Issue #4: Life Happens.
What if life happens and something changes? Could one of us lose our job? Maybe? It would be uncomfortably tight, but we would be able to cover our bills. The thought of being held in that situation for 30 years scares me. Unless one of us got a raise though, we probably wouldn’t be in a place to voluntarily become a one-income household. My husband will likely be getting a raise in the near future, but I probably won’t.
Issue #5: Interest Rates
Interest rates are still hovering at abnormally low numbers. They’re hovering around 4% now but historically they have been around the 7-8% range. I ran the numbers on what a house like this would cost if interest rates rise. If we stayed in our house for 5 years we could build up $100K in equity and/or savings to use as a down payment on the same price house we’re looking at. If interest rates rise to 8%, and we put down 100k (over 30%), the payment would be exactly the same we’re considering now, with a 5% down payment and PMI! Even after $100K down! Interest rates may or may not rise back to those levels soon, but should financial decisions be based on, “What Ifs”?

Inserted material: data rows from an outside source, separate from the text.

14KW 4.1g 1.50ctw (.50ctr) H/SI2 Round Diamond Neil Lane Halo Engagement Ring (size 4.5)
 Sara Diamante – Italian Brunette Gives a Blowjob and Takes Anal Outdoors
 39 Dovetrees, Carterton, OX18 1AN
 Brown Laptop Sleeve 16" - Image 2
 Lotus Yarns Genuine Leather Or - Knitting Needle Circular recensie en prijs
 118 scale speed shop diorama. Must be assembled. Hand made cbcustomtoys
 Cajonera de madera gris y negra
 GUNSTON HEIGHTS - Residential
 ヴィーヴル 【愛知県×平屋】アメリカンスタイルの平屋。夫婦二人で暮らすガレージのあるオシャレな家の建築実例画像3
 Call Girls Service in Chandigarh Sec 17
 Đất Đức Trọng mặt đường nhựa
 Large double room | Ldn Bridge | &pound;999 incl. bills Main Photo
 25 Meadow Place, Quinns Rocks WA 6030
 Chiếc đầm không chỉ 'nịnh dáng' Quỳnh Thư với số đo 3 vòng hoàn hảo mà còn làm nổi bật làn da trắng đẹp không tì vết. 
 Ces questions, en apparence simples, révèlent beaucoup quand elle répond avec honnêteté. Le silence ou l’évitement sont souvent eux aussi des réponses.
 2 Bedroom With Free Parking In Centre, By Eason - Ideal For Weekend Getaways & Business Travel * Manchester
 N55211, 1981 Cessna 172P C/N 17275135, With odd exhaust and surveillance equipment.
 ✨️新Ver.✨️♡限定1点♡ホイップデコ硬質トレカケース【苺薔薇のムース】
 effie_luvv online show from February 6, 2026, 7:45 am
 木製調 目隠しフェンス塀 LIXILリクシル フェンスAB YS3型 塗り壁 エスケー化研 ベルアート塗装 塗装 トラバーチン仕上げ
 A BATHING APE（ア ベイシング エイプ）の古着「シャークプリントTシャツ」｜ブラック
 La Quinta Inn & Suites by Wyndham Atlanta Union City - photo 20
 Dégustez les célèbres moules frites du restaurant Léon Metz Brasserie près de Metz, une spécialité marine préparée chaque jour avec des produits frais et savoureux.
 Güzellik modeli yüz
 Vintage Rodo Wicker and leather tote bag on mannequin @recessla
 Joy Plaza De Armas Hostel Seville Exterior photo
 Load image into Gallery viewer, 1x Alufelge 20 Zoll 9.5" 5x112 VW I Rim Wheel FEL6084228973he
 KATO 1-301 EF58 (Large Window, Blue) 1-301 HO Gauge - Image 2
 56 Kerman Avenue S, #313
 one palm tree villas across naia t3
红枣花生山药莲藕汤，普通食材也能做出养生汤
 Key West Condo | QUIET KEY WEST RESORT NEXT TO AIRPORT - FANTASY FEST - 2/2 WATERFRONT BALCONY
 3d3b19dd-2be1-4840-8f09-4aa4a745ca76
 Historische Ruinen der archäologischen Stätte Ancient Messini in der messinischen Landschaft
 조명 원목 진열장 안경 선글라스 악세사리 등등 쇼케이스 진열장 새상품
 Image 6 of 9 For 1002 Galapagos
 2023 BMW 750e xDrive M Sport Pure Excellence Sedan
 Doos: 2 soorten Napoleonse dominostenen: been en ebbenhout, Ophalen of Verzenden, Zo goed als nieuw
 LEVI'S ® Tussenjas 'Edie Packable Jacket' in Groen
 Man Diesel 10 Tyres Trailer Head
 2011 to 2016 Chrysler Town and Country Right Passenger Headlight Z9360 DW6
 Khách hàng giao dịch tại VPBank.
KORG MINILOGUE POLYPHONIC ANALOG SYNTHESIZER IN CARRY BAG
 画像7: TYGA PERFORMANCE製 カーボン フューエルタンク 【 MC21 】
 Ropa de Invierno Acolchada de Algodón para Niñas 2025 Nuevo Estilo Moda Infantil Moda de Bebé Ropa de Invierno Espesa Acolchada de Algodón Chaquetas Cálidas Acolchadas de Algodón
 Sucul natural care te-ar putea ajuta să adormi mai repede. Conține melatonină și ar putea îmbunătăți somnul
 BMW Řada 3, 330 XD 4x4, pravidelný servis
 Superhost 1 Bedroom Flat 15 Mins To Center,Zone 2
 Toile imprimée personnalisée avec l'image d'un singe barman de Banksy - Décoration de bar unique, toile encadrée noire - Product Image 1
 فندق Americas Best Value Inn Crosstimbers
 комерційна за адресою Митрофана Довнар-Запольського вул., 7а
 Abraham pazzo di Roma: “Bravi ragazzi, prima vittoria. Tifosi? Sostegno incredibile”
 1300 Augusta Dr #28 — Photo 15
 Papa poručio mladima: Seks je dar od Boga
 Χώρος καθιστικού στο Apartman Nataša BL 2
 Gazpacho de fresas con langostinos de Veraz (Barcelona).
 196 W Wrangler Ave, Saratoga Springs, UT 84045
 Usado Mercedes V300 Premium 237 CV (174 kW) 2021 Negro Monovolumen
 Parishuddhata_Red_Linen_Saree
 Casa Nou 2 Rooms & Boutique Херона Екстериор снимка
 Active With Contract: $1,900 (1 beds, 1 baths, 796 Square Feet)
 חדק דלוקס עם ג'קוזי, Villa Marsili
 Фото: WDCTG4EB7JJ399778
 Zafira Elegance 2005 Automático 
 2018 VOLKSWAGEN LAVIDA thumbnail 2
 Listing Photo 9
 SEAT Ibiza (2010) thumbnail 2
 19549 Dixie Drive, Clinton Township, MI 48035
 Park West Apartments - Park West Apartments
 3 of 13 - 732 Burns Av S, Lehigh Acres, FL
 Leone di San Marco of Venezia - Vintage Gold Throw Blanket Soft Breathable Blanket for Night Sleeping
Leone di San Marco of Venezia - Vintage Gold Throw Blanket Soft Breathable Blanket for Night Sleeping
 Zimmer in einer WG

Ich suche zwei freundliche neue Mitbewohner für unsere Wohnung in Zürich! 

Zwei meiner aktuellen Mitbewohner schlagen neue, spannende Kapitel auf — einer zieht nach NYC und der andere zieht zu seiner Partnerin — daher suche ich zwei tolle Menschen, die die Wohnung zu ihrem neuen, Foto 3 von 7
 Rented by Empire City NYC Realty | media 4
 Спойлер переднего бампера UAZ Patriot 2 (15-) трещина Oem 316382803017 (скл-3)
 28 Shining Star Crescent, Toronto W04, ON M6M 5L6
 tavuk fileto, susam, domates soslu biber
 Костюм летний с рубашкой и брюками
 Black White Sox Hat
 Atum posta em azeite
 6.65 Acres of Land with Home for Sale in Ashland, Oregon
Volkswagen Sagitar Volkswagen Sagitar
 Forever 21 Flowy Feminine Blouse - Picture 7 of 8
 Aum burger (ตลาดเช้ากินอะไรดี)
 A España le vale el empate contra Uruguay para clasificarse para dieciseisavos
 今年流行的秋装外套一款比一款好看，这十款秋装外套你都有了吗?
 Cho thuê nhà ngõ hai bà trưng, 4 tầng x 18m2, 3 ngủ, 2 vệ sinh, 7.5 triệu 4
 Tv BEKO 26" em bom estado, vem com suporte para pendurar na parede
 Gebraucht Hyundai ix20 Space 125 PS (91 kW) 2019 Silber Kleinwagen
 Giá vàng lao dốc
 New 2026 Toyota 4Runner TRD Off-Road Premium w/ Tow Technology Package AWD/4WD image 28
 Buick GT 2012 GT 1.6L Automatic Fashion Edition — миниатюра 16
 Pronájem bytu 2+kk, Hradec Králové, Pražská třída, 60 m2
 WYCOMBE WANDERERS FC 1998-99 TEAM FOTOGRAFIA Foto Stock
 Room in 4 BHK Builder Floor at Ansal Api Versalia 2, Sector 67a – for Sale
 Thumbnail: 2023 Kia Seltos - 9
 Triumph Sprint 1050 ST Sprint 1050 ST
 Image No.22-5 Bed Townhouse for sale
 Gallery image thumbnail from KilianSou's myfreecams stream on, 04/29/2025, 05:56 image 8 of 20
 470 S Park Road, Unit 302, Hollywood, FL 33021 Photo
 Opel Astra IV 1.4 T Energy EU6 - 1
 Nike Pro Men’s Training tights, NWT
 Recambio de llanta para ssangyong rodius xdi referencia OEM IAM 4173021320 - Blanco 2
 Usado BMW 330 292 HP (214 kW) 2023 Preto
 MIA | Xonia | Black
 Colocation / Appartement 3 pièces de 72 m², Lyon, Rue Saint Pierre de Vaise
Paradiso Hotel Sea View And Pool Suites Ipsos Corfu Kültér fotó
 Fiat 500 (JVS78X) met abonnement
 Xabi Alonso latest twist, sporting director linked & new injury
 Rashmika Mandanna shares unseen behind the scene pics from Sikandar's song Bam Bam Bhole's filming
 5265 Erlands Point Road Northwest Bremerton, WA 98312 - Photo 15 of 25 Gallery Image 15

Balancing Logic and Emotion
Sometimes logic and emotion can be difficult to reconcile. We went back and forth over whether to offer on the house, until I sat down and thought, “WHAT THE HECK ARE WE DOING?!”
Here we were debating numbers and what we could compromise to make this home work, but what we were really debating was our values. We were considering giving up our path to FI, our financial flexibility, our emergency fund, and our daughter’s college fund to pay for this house. That’s not who we want to be!!
My husband came and asked me if I wanted the dream house or if I wanted financial independence and when he phrased it like that, it was a no-brainer. We want financial independence and that’s within sight for us in this house. The key to reaching financial independence faster is to spend less.
I can live without an open concept house for the sake of freedom.
Gratitude and the Rat Race
Here we are complaining about our house, when we should be recognizing that we are fortunate enough to have a house at all! We are blessed with a comfortable home close to our family and friends and nobody would think more or less of us if we moved to that new house. We are privileged to even consider financial independence as an option.
I’m still figuring out how, but now, more than ever I want to strive for contentment. I want to appreciate what I have and not get stuck in the rat race of being tied to a job because I always want newer, bigger, better.
So, I’m not going to let myself wallow and feel sad about missing out on that house but rather look toward my goals with a renewed fervency. If we pay our mortgage at the increased amount we were considering paying for the new house, we could pay it off in 10 years! That’s what I will focus on instead.
What would you do?
I want to hear from you all. Have you ever been in a situation where you’ve been tempted similarly? How did you make your decision?
Do you think a dream house is worth it? Is there even such a thing?